On petition for rehearing filed by appellees, insisting that in view of the possible doubt as to the construction given to section 23 of the Mechanic’s Liens Act [Cahill’s Ill. St. ch. 82, 23] in Municipal Engineering & Contracting Co. v. City of Farmer City, 193 Ill. App. 457, which case was reversed in Alexander Lumber Co. v. Farmer City, 272 Ill. 264, and the issues involved in this case, covering machines purchased for use upon the improvement and then removed to other works, that it is more important that the Supreme Court make a definite rule as to the issues involved in this case than that the decree of the lower court be reversed and the cause remanded to take further evidence, as to the value of the use of certain machines and material, and for other purposes, we deem it fitting to modify the orders entered and deny the petition for rehearing.

Under the opinion as rendered, it was the holding of this court that with the cause remanded to the lower court the lien claimants would have the right to put in further evidence and establish their claims for all supplies and material that went into and formed a part of the improvement for all such material as was used up or consumed, and the value of the use of all machines and material used in and about the improvement, but not entirely consumed or used up in the construction of the improvement; but it was the holding of this court that tools, machines and material merely used on this work and then removed to other works could only constitute a claim in the value of their use.

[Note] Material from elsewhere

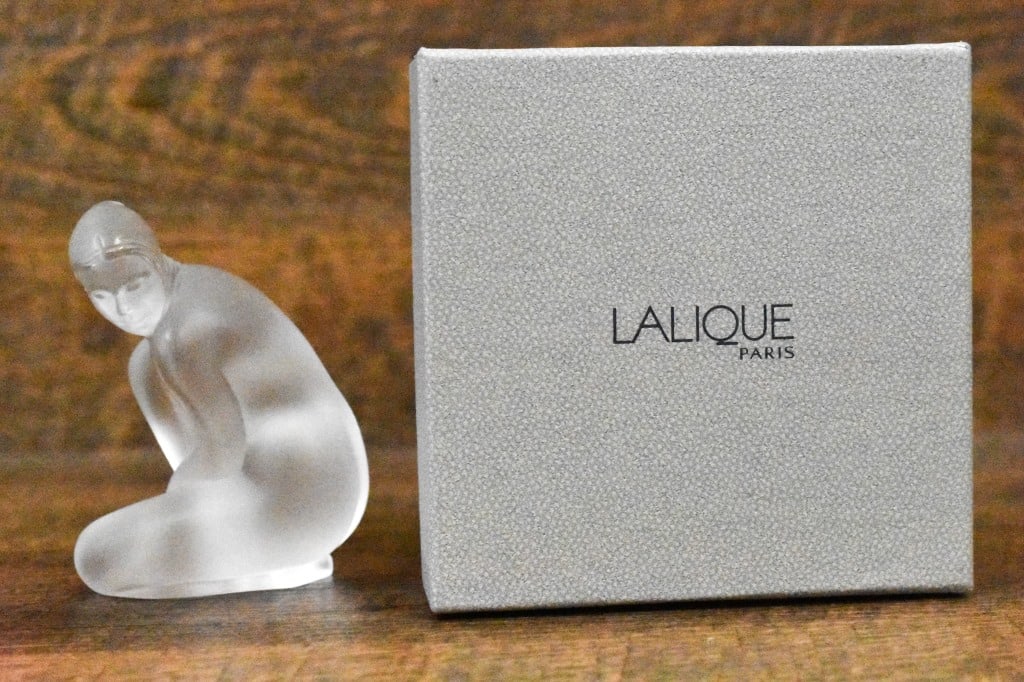 Lalique Crystal Figurine Venus Nude W/Box: A frosted crystal figural modeled as a nude woman kneeling. Lalique France. Signed. Approx. dimensions L: 2.5" W: 3" H: 4". Includes original fitted box and document.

The only item shown by the evidence in this case to have formed a part of the improvement was the 4,500 feet y2 x 7 Carey expansion joint, reasonably worth the sum of ten cents per foot or a total of $450, furnished by appellees Harding and Slattery. There are many other items in the claim, but none shown to have formed a part of the improvement, nor is the value of the use of any such items shown.

It follows that the decree will be reversed in part and a decree entered in this court.

It is the order of this court that a decree be entered on the cross-bill filed by the Mid-Western Company against the cross defendants to that cross-bill, reversing the decree of the lower court as to such cross-bill and dismissing the same for want of equity.

It is further ordered that the decree of the lower court in the matter of the cross-bill of Harding and Slattery be reversed and that a decree be entered in this court that the county of Vermilion is indebted to said cross complainants in the sum of $450, with interest on said sum at the rate of five per cent per annum from June 13, 1919, making a total indebtedness of $548.83 as of the first day of the October term, 1923, of this court, and that the said county of Vermilion be adjudged to pay the same.

It is further ordered that the cross complainants, Mid-Western Company and Harding and Slattery, cross complainants in said cross-bills, each severally pay one-half of the costs on this appeal.

Reversed and decree entered in this court.